Still, I had to collect the bike. My tow vehicle was in the shop for repair and I was left with beg, borrow, or rent. None of the begging or borrowing options were open (It’s easy to forget: “no one else is in your emergency”) and so I went for a Home Depot Load n’ Go and a U-haul trailer. Katy M had no power and I don’t have much myself so pushing it up a ramp seemed like something I didn’t want to do, hence the trailer.
Well, try coordinating a U-haul trailer and a HD truck rental at the same time. One location has a truck you cannot reserve - first come, first serve. One will let you tow, others will not. One says, “come pick it up” only to learn it’s been reserved by someone else once you get there. Nightmare. I spent nearly as long driving to local Home Depots as I did finally driving out to get the bike. Nightmare. In the end, I rented the only HD flatbed truck available, which could not tow, canceled the U-haul, and went hoping I could use some downhill slope to load the bike.
It worked. I picked Katy M up around noontime on Thursday and had her back in my driveway by 3 or 4 p.m., returned the truck and made it back to have some of my wife’s Ahi poke. Just what I needed.
So, today I will do my best to fish (see what I did there?) out the broken plastic bits and install this beautiful little CNC Rottweiler piece of mind, clean up, dry up, and get back on the trail tomorrow.

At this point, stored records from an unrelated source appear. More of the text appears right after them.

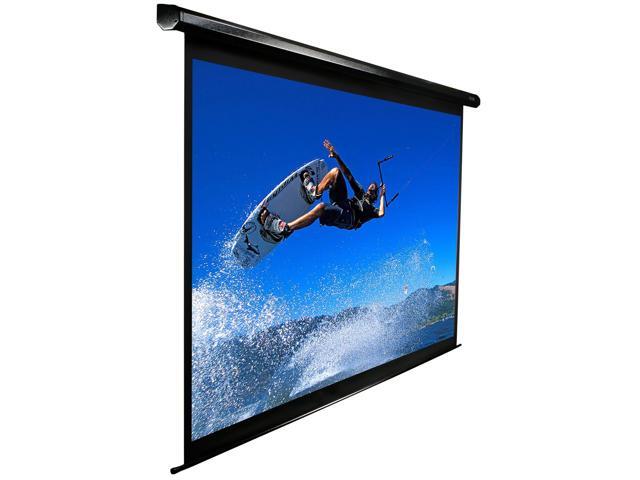 Elitescreens 119" Standard(1:1) Projector Screen VMAX119UWS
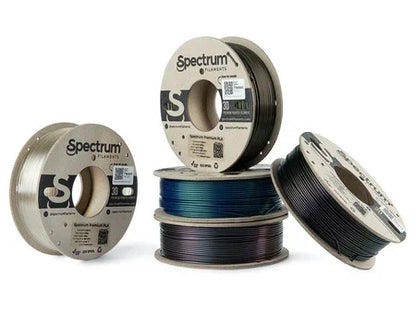 Filamento Spectrum 5PACK PLA Essentials 1,75 mm (5x 0,25 kg)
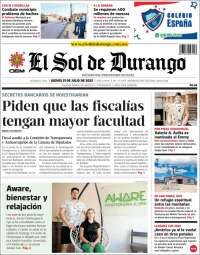 El Sol de Durango
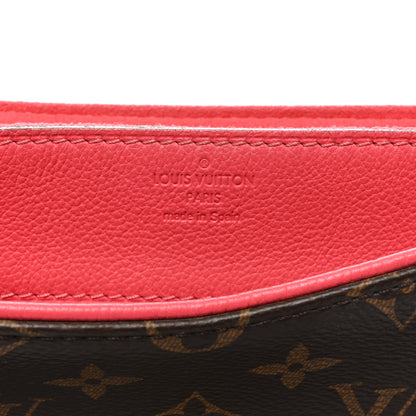 Louis Vuitton Monogram Pallas Chain Rose Litchi 6 of 9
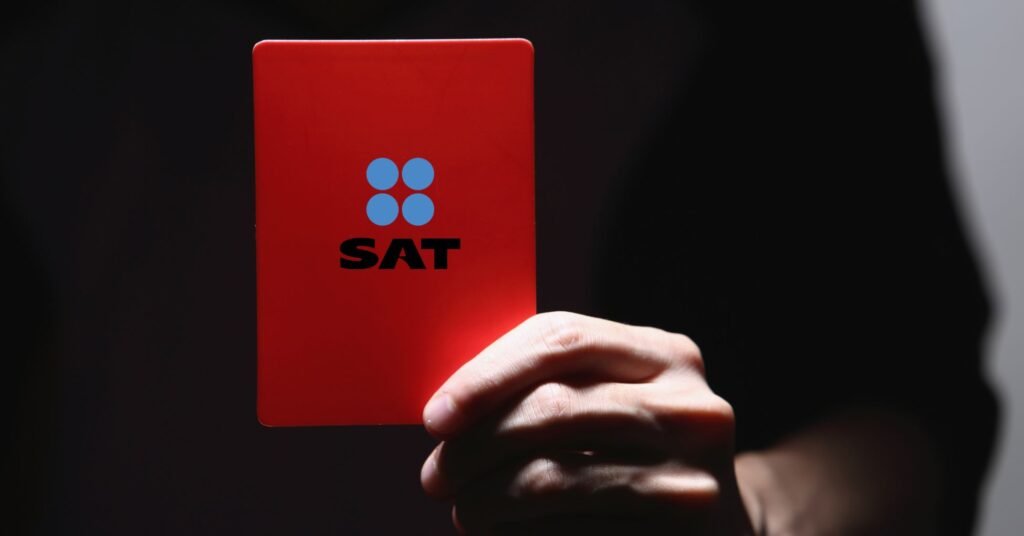 SAT advierte multas por depósitos en efectivo de noviembre esto es lo que debes hacer antes del plazo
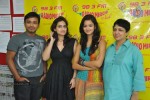 Lovely Movie Team at Radio Mirchi - 65 of 80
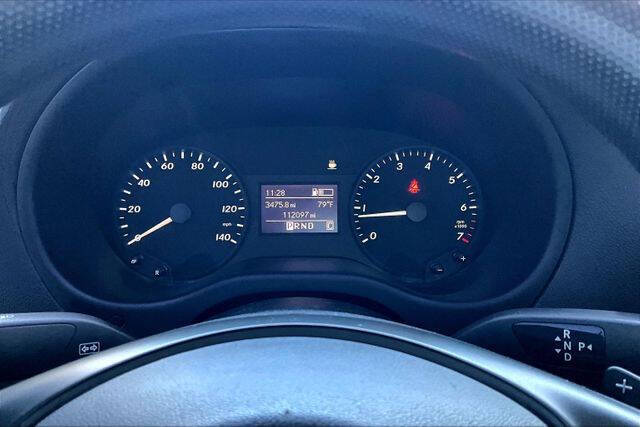 2018 Mercedes-Benz Metris Cargo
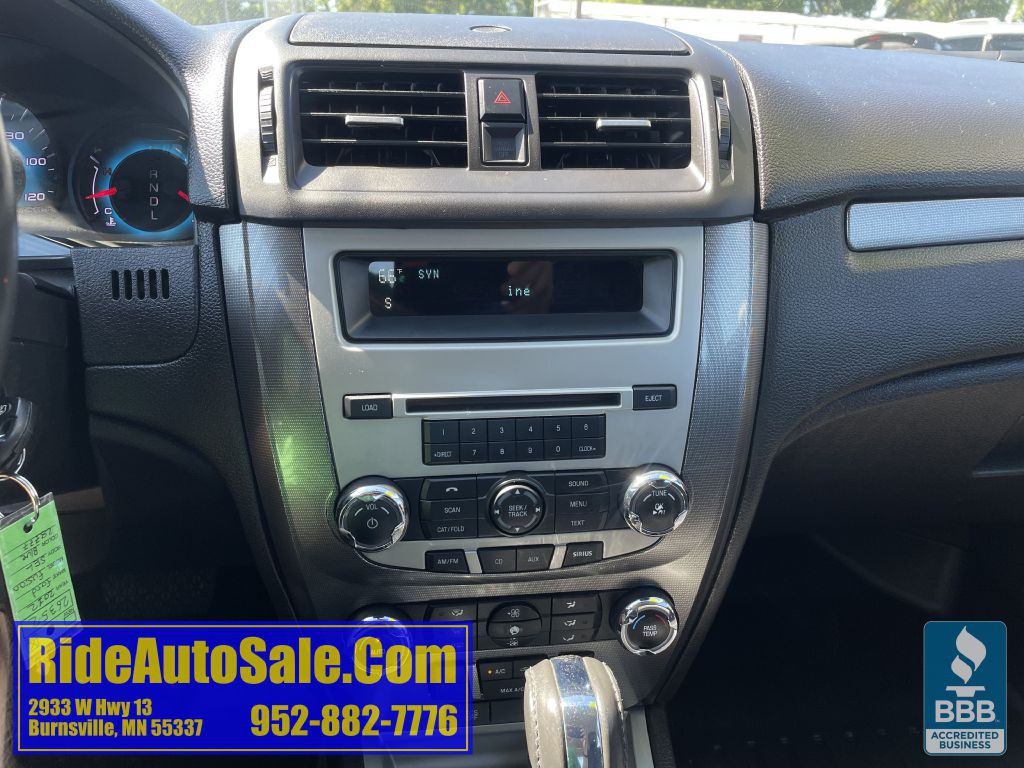 2012 Ford Fusion Image 20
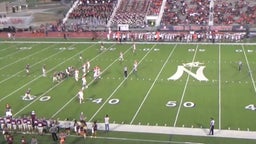 Marshall football highlights Brandeis High School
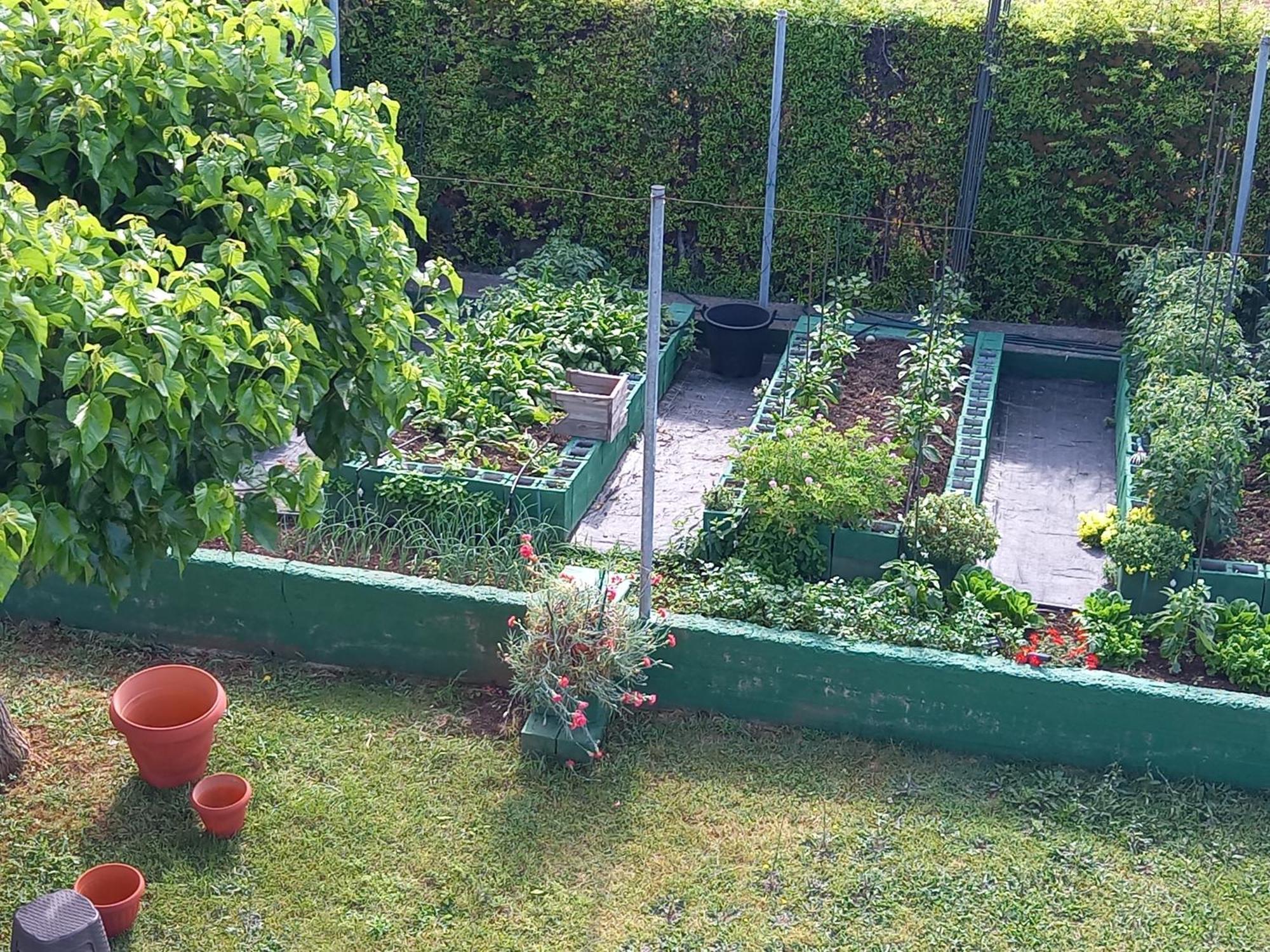 Tammy'S Garden House Βίλα Λεπτοκαρυά Εξωτερικό φωτογραφία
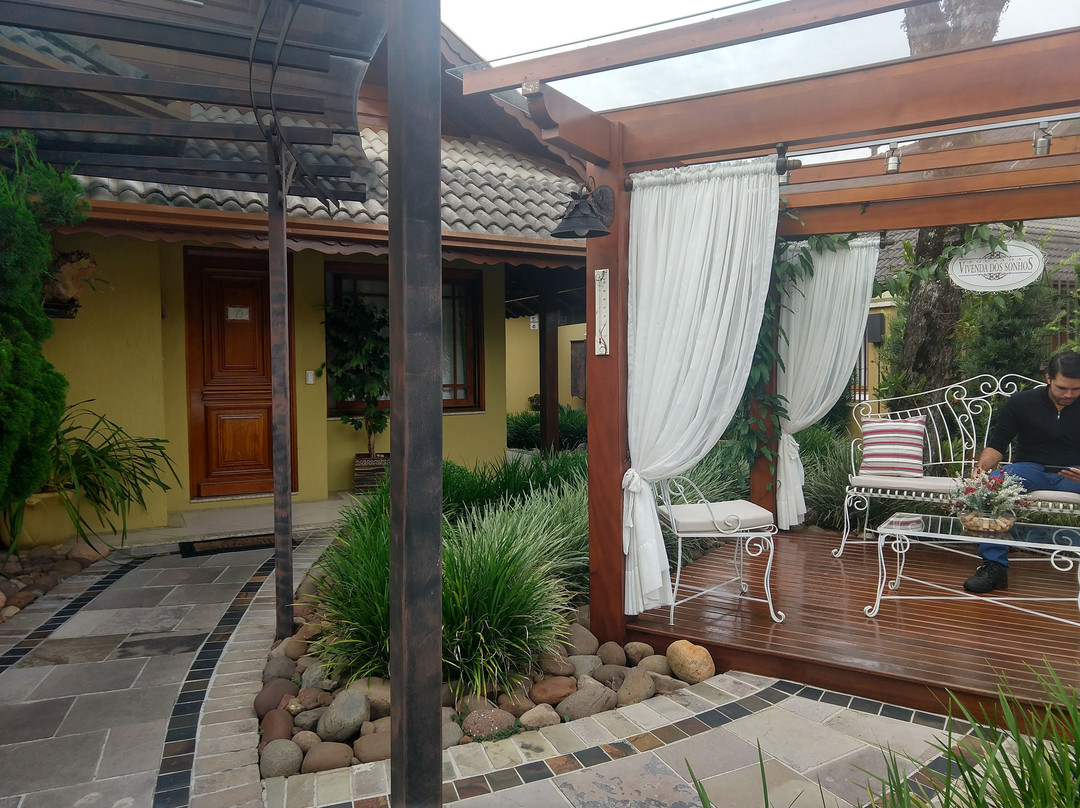 Hotel Vivenda dos Sonhos主图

Coincidentally, this is the last photo I took before my mechanical. I have a sister named Martha. Irony in motion.
Onward we ride……
Wow! Sorry for the breakdown. I hope the trip gremlins leave you alone
Sit Rep: Rottweiler aluminum billet spigot and guard installed. Blown fork seal repaired by Factory Connection thanks to Rookie and Brandon at Solid Performance for coordinating this fix on a Friday afternoon. Bike is running and ready to go. My body may need a half a day more.
We ride on.
Nice when a plan comes together. You always make the bad good. Way to be bro!
dang, you broke down just a few miles from my house… glad you’re back together and moving again. ride safe!
I'm jumping back on ASAP. I may shove today, but more likely first thing in the morning. My body protests. Now I am deciding on heading straight to the MABDR or finishing 3, 2 & 1 of the NE, which I rode last September. I've built in some slack days, but I'm using them up faster than expected. I'll post when I launch.
I did not know it, but we passed @Adam Chandler going north, at 3:50 in his video :)
Good vid, Adam!
@DCTFAN - now I understand the very relevant username! :)
"Can't stall a DCT" worked for me on the ClassIV trails, :)
Would have been great if I had stopped to say hey.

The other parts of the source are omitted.